Radhika Krishnan


Associate Professor
Ph.D (Jawaharlal Nehru University, New Delhi)
Research Areas: Technology Studies; Ecology; Development and Labour
Email: radhika.krishnan@iiit.ac.in

An electrical engineer by training, my interest in studying the interface between technological regimes, local communities and ecologies led me to shift my research focus to the social sciences. I pursued my doctoral research at the Centre for Studies in Science Policy in Jawaharlal Nehru University, New Delhi after working for several years with the Delhi-based research and advocacy group Centre for Science and Environment (CSE).

I have been a post-doctoral fellow at the Centre at Concurrences in Colonial and Post-Colonial Studies at Linnaeus University in Sweden. I was also a Fellow at the Indian Institute of Advanced Study (IIAS) in Shimla, India.

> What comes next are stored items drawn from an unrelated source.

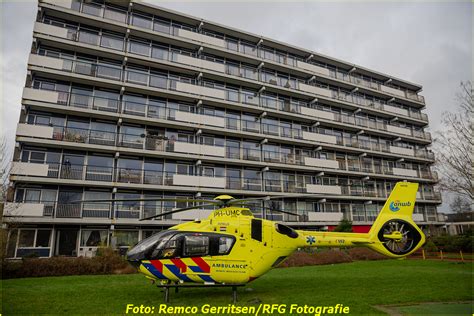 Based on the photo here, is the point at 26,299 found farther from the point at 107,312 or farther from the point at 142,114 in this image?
the point at 142,114

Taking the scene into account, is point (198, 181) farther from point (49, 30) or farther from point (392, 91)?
point (392, 91)

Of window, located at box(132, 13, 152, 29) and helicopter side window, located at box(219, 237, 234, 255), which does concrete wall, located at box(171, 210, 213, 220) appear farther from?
window, located at box(132, 13, 152, 29)

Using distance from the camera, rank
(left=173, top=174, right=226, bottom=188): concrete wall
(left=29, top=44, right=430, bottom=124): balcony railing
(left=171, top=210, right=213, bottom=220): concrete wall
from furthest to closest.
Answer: (left=171, top=210, right=213, bottom=220): concrete wall, (left=173, top=174, right=226, bottom=188): concrete wall, (left=29, top=44, right=430, bottom=124): balcony railing

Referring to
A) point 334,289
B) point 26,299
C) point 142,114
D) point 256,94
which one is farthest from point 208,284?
point 256,94

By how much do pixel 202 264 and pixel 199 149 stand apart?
15332 millimetres

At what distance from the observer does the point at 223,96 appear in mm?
26984

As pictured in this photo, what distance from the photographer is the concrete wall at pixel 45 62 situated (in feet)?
68.7

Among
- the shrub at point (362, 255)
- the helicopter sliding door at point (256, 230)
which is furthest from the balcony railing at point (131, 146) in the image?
the helicopter sliding door at point (256, 230)

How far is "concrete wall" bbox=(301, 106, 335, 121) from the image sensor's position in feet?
101

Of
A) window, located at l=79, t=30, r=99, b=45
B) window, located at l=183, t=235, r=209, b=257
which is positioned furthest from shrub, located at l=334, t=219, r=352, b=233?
window, located at l=79, t=30, r=99, b=45

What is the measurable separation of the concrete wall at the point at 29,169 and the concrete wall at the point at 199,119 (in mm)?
10153

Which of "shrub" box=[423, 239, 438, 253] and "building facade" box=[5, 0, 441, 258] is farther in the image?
"shrub" box=[423, 239, 438, 253]

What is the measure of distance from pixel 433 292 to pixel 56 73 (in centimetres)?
2556

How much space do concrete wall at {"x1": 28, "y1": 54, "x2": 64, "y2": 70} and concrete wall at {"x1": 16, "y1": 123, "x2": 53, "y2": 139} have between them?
4618mm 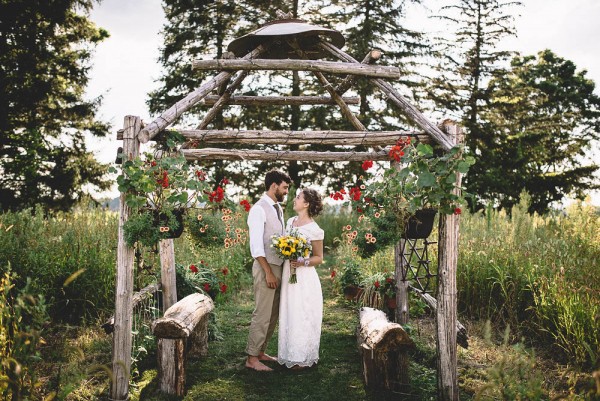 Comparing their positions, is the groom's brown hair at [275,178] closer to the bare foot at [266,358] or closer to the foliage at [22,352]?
the bare foot at [266,358]

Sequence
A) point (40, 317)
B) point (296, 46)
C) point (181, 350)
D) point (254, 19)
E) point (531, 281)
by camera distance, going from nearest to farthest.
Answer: point (40, 317), point (181, 350), point (296, 46), point (531, 281), point (254, 19)

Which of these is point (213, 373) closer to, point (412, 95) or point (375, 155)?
point (375, 155)

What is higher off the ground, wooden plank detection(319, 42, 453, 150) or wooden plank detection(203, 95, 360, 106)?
A: wooden plank detection(203, 95, 360, 106)

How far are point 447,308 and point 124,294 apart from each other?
3.12 metres

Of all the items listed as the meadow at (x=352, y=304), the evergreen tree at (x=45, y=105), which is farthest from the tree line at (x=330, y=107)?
the meadow at (x=352, y=304)

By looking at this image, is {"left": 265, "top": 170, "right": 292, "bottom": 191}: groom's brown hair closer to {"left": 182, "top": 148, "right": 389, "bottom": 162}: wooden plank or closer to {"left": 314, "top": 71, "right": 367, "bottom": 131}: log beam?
{"left": 182, "top": 148, "right": 389, "bottom": 162}: wooden plank

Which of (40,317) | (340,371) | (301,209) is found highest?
(301,209)

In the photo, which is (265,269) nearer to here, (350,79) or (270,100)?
(270,100)

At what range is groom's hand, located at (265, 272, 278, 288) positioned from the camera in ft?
18.0

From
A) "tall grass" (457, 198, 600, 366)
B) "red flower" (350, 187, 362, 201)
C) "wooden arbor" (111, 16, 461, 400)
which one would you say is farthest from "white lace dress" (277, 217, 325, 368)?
"tall grass" (457, 198, 600, 366)

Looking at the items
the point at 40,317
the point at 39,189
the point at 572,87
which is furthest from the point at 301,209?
the point at 572,87

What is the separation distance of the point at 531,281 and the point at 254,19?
17.1 metres

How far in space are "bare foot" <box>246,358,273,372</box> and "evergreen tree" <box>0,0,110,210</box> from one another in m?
12.9

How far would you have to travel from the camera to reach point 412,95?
21734mm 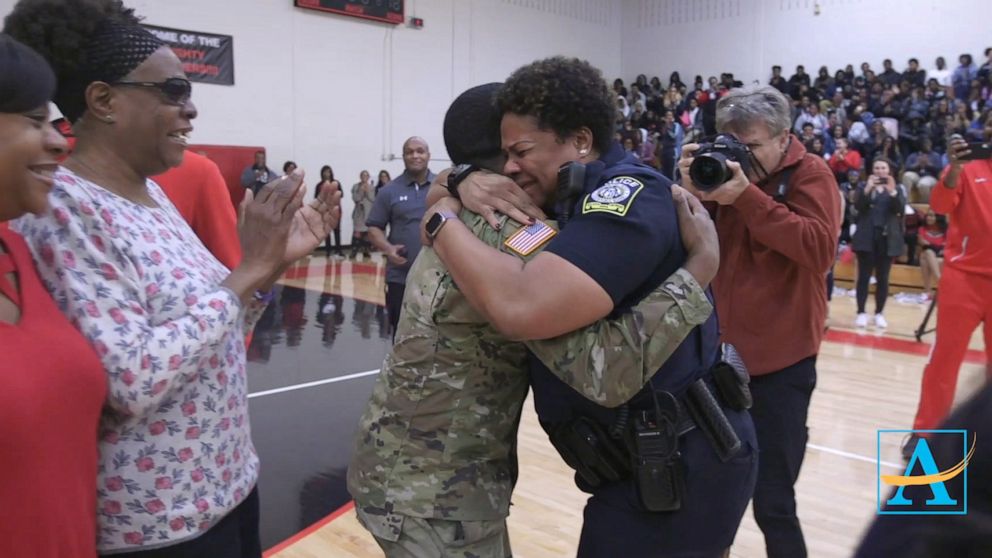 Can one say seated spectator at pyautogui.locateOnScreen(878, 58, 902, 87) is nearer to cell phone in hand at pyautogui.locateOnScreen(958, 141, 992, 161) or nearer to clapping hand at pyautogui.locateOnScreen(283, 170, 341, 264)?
cell phone in hand at pyautogui.locateOnScreen(958, 141, 992, 161)

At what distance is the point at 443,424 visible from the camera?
167 cm

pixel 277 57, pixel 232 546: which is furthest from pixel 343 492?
pixel 277 57

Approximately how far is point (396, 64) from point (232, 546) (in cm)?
1737

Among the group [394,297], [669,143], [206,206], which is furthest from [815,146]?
[206,206]

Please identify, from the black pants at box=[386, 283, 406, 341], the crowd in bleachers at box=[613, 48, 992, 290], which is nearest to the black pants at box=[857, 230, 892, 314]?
the crowd in bleachers at box=[613, 48, 992, 290]

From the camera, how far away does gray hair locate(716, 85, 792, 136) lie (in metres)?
2.62

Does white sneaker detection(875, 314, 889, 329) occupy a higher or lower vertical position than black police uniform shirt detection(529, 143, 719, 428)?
lower

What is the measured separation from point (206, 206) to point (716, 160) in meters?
1.56

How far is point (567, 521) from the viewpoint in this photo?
365cm

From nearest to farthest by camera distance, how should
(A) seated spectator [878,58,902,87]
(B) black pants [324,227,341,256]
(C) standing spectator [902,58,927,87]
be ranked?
(B) black pants [324,227,341,256] < (C) standing spectator [902,58,927,87] < (A) seated spectator [878,58,902,87]

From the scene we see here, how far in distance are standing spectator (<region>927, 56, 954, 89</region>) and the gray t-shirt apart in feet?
49.2

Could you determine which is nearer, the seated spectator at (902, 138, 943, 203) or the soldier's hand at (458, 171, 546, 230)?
the soldier's hand at (458, 171, 546, 230)

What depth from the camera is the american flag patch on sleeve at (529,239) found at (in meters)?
1.53

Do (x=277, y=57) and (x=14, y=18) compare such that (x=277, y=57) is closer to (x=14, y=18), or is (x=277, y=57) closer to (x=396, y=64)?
(x=396, y=64) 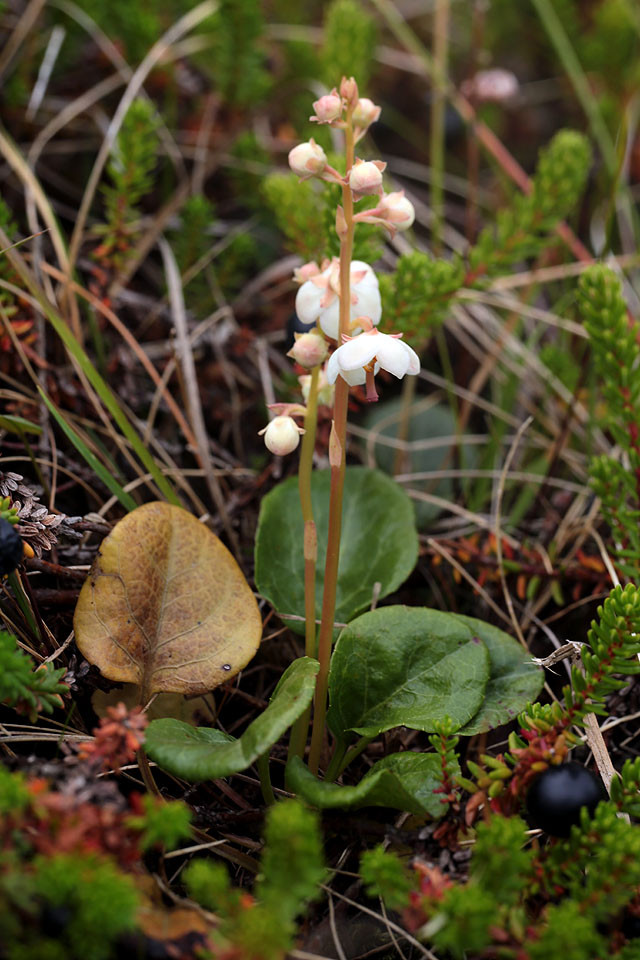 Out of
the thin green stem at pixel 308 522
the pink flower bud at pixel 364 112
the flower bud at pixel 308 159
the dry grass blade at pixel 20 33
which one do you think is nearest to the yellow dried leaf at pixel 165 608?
the thin green stem at pixel 308 522

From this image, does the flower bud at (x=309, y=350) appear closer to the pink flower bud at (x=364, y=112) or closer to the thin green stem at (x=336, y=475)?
the thin green stem at (x=336, y=475)

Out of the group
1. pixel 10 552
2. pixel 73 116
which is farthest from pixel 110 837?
pixel 73 116

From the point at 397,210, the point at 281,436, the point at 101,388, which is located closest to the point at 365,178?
the point at 397,210

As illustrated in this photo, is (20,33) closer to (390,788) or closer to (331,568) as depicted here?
(331,568)

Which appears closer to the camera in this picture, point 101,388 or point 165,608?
point 165,608

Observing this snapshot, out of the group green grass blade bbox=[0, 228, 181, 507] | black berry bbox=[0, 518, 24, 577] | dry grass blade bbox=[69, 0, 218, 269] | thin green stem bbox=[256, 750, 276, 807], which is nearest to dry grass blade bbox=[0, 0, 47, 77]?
dry grass blade bbox=[69, 0, 218, 269]

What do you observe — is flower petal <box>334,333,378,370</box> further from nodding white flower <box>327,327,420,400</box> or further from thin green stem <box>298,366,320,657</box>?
thin green stem <box>298,366,320,657</box> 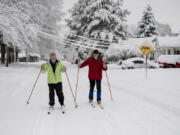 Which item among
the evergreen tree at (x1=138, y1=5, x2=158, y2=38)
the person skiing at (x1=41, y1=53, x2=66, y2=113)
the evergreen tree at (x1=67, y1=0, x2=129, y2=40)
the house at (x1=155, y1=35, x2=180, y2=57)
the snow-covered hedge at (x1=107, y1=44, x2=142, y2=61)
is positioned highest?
the evergreen tree at (x1=138, y1=5, x2=158, y2=38)

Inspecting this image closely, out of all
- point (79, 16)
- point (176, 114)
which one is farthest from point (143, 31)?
point (176, 114)

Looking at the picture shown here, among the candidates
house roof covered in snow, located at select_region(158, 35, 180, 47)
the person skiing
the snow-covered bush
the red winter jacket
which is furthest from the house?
the person skiing

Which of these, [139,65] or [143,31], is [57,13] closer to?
[139,65]

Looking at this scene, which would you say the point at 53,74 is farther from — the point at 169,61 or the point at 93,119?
the point at 169,61

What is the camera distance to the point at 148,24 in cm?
5294

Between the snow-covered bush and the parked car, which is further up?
the snow-covered bush

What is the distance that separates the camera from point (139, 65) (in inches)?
1001

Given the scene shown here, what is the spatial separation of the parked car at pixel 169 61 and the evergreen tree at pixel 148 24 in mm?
Result: 27166

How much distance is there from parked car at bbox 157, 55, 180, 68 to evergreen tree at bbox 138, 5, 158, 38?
27166 millimetres

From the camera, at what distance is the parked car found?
85.3 feet

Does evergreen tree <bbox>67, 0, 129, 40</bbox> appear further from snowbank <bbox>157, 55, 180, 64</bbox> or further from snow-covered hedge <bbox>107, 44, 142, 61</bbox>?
snowbank <bbox>157, 55, 180, 64</bbox>

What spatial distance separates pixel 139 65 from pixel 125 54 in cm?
341

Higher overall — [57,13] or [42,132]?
[57,13]

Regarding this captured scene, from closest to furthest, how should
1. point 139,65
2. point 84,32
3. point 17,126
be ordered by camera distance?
1. point 17,126
2. point 139,65
3. point 84,32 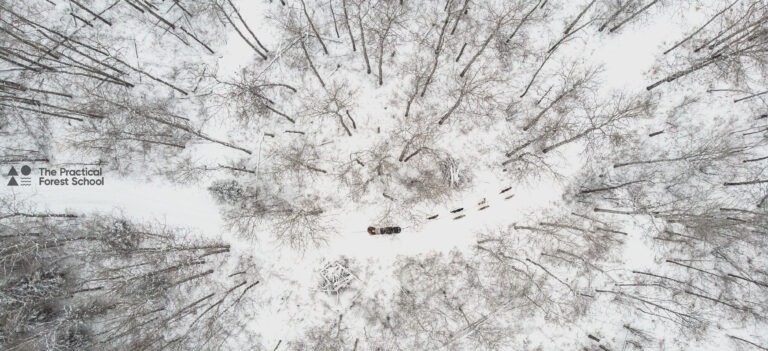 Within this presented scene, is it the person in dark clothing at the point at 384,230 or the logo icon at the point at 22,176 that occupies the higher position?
the logo icon at the point at 22,176

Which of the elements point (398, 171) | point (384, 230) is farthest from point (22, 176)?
point (398, 171)

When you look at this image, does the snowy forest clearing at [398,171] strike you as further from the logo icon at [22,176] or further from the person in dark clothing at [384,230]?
the person in dark clothing at [384,230]

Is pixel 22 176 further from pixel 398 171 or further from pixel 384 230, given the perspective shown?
pixel 398 171

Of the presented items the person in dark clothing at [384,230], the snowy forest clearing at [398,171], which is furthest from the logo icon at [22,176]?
the person in dark clothing at [384,230]

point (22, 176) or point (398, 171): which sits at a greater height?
point (22, 176)

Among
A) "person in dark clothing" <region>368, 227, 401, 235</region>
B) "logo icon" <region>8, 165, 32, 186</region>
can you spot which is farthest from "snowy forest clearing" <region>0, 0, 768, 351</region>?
"person in dark clothing" <region>368, 227, 401, 235</region>

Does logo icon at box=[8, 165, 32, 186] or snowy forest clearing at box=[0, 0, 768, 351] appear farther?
logo icon at box=[8, 165, 32, 186]

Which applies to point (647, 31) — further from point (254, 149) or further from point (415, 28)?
point (254, 149)

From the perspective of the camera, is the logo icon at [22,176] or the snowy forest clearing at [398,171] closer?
the snowy forest clearing at [398,171]

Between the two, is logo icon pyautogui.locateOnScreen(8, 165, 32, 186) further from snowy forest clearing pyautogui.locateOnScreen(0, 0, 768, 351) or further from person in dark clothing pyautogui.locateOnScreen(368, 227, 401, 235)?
person in dark clothing pyautogui.locateOnScreen(368, 227, 401, 235)
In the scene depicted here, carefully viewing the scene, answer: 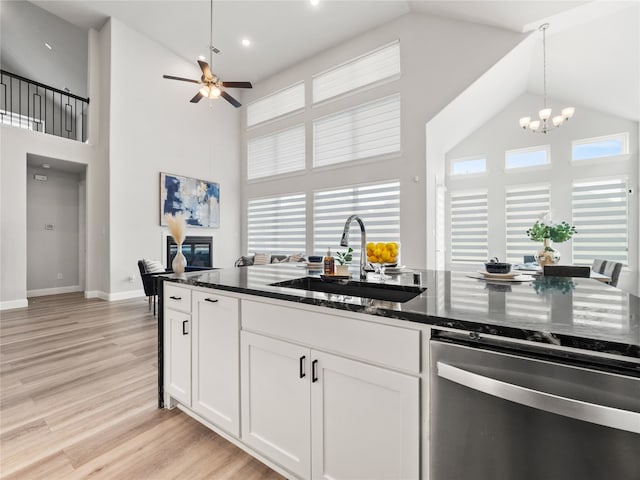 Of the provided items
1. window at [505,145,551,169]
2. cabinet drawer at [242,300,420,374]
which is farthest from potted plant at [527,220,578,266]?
window at [505,145,551,169]

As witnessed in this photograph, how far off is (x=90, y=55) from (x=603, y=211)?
394 inches

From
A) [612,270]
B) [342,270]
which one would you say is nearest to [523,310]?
[342,270]

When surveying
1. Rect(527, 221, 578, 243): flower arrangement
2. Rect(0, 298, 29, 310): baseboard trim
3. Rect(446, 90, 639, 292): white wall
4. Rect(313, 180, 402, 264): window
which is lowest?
Rect(0, 298, 29, 310): baseboard trim

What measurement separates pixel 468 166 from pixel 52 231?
29.4 feet

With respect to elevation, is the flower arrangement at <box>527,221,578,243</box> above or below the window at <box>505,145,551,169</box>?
below

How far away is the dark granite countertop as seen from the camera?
66 centimetres

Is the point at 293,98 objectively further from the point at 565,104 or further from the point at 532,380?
the point at 532,380

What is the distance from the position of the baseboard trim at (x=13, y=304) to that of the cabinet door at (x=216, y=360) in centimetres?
508

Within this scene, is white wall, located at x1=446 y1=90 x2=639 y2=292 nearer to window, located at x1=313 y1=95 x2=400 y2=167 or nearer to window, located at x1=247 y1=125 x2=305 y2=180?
window, located at x1=313 y1=95 x2=400 y2=167

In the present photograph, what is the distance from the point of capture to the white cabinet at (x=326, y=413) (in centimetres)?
94

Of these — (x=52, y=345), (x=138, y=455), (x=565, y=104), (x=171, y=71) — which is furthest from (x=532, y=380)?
(x=171, y=71)

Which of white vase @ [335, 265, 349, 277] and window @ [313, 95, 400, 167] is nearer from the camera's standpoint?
white vase @ [335, 265, 349, 277]

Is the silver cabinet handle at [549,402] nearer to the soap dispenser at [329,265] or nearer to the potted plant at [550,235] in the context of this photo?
the soap dispenser at [329,265]

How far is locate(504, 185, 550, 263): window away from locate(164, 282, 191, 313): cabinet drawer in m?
6.55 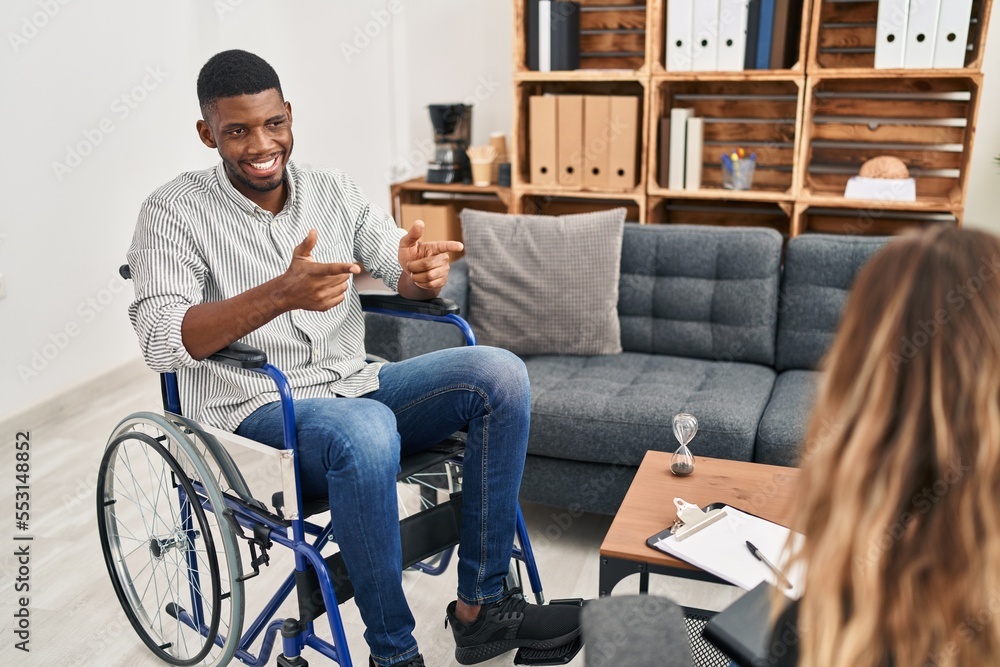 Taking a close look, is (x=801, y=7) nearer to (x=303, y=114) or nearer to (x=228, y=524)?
(x=303, y=114)

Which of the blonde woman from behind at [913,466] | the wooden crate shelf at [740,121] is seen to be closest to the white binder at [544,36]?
the wooden crate shelf at [740,121]

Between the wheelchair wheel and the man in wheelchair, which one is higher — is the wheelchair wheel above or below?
below

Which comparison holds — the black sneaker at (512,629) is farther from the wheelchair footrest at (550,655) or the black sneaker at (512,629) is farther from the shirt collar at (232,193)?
the shirt collar at (232,193)

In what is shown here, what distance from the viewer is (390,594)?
4.87ft

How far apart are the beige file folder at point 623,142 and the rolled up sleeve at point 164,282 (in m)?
1.99

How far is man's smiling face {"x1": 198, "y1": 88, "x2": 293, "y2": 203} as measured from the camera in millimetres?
1639

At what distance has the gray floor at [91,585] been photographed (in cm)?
185

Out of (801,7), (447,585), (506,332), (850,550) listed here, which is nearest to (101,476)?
(447,585)

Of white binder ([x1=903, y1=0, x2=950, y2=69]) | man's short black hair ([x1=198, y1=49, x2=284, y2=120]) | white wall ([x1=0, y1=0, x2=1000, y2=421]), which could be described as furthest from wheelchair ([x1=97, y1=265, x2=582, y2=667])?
white binder ([x1=903, y1=0, x2=950, y2=69])

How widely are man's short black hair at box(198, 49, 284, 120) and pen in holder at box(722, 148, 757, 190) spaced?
2.02 metres

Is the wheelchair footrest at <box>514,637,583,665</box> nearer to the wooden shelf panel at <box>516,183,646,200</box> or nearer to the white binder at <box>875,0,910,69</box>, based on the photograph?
the wooden shelf panel at <box>516,183,646,200</box>

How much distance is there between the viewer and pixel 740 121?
3291mm

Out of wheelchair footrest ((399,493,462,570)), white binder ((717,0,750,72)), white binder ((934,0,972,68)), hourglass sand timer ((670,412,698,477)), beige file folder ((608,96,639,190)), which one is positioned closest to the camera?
wheelchair footrest ((399,493,462,570))

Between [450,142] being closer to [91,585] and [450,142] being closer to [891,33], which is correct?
[891,33]
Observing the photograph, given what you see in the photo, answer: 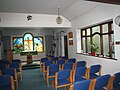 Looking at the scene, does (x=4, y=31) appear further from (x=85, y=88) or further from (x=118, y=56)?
(x=85, y=88)

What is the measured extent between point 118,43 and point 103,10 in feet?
4.69

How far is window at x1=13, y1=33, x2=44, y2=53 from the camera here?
37.5ft

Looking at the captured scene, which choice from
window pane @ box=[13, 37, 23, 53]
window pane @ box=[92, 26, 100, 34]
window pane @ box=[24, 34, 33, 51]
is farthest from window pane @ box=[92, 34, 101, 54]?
window pane @ box=[13, 37, 23, 53]

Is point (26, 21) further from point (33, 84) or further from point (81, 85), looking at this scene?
point (81, 85)

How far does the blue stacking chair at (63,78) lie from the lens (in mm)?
3207

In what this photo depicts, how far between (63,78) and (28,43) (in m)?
8.89

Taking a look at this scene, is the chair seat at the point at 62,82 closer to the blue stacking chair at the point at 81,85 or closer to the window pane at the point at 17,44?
the blue stacking chair at the point at 81,85

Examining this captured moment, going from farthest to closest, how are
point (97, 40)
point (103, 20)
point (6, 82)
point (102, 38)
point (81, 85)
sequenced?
point (97, 40), point (102, 38), point (103, 20), point (6, 82), point (81, 85)

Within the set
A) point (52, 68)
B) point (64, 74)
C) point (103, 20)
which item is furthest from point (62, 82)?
point (103, 20)

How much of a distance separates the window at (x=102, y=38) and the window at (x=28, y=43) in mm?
5687

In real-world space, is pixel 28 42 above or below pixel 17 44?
above

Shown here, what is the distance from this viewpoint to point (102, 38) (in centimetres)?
567

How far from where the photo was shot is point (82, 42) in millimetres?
7656

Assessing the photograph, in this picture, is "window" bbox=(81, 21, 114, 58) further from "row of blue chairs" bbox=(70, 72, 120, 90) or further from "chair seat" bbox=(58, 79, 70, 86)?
"row of blue chairs" bbox=(70, 72, 120, 90) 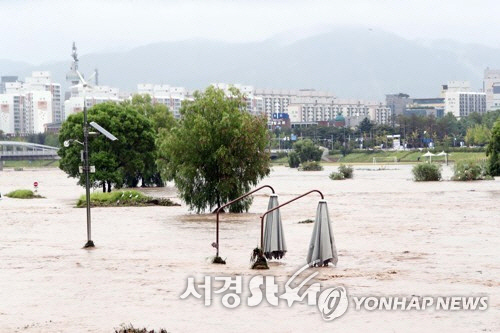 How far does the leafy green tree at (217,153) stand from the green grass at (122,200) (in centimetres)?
924

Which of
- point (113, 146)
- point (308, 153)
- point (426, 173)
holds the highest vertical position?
point (113, 146)

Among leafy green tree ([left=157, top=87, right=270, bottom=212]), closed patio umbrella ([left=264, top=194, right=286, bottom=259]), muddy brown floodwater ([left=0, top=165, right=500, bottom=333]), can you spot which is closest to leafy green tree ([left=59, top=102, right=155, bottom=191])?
muddy brown floodwater ([left=0, top=165, right=500, bottom=333])

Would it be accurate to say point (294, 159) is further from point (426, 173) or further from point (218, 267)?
point (218, 267)

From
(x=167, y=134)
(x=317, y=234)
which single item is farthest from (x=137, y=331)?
(x=167, y=134)

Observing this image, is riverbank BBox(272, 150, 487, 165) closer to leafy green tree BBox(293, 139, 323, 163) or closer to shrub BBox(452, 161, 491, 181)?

I am interested in political ecology and in studying the complex responses of peasants, labourers and Adivasis to the ‘development’ project presented to them. This led me to work on the Indian trade unionist Shankar Guha Niyogi and the Chhattisgarh Mukti Morcha, and their engagement with the environmental, technological and social challenges posed by the industrial project in modern India. I have since been exploring the potential (and limitations) of labour’s engagement with technological regimes as well as the environmental movement in India. I have also simultaneously explored the implication of the politics of indigeneity and representation within environmental discourses in India. Some part of my work on Niyogi has been published by the Indian Institute of Advanced Study. I currently working on another publication exploring the wider implications of Niyogi’s engagement with questions of environment, technology and identity.

Most recently, I have been working with follow researchers in India as well as in the Swedish University of Agricultural Sciences, the Australian National University and the University of East Anglia on the possibilities of a just transition away from coal in India.

Select Publications

  • [Book] Radhika Krishnan, Weaving Together Red and Green: Shankar Guha Niyogi and the Reimagining of Relationships between Labour, Technology and Ecology (New Delhi: Orient Blackswan, forthcoming).
  • [Book] Radhika Krishnan, The Great Outsider: Shankar Guha Niyogi, Technology and Green Politics in India (Shimla: Indian Institute of Advanced Study, 2023).
  • [Article] Krishnan, Radhika, ‘Indigeneity, Environmental Movements and Representation’, in Seminar Vol 740 (April 2021), 74-83 (ISSN: 0971-6742).
  • [Article] Krishnan, Radhika, ‘Consent and Privacy in the Age of Digital Technology’, India Forum (2020).
  • [Article] Krishnan, Radhika, ‘The Environment and Civil Society in India’, in S. Ravi Rajan and Lise Sedrez (eds.), The Great Convergence: Environmental Histories of BRICS (New Delhi: Oxford University Press, 2017), 159-180.
  • [Article] Krishnan, Radhika, ‘The Industrial Project and Organised Labour: The (Im)possibility of ‘Red’ and ‘Green’ Imaginations?’, in Review of Environment and Development, special section in Economic and Political Weekly Vol LII No 31 (5 August 2017), 62-70.
  • [Article] Krishnan, Radhika and Rama Naga, ‘”Ecological Warriors” versus “Indigenous Performers”: Understanding State Responses to Resistance Movements in Jagatsinghpur and Niyamgiri in Odisha’, in Patrik Oskarsson and Siddharth Sareen (eds.), special section on resource extraction, Journal of South Asian Studies, Vol 40 No 4 (2017), 878-894.
  • [Article] Krishnan, Radhika, ‘Red in the Green: Forests, Farms, Factories and the Many Legacies of Shankar Guha Niyogi (1943-1991)’, Journal of South Asian Studies Vol.39 No. 4 (2016), 758-772.

Projects

Research Students

  • Aaryan Sharma
  • Srijan Chakraborty
  • Sanika Sachin Damle

Research Supervision Interests

Just Transitions from Coal, Political Ecology, Environmental Discourses, Technology Studies.

I am keen on exploring various aspects of the confluence between the computer sciences and the social sciences. I supervise research which uses computational tools such as natural language processing and GIS. My students have worked on a variety of sources including satellite imagery, newspaper reports, as well as twitter and facebook posts to identify, categorise and analyse political and sociological trends. I am particularly interested in using GIS-based tools to study the impacts on mining on land-use patterns. I am also interested in studying the policy, sociological and political impacts of digital technologies from an STS perspective.